:: Exercise brief ::
Quote the whole listing exactly. Leave the pictures out of your copy.

:: Data shown ::
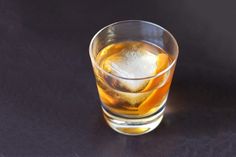 a glass filled with ice and an orange slice on top of a black tablecloth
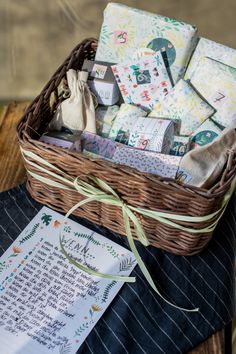 a wicker basket filled with cards and papers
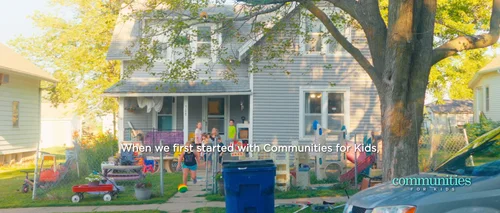 Wide view of a Wausa childcare yard with children, adults, outdoor toys and a large shade tree.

:: Your solution ::
 a glass filled with ice and an orange slice on top of a black tablecloth
 a wicker basket filled with cards and papers
 Wide view of a Wausa childcare yard with children, adults, outdoor toys and a large shade tree.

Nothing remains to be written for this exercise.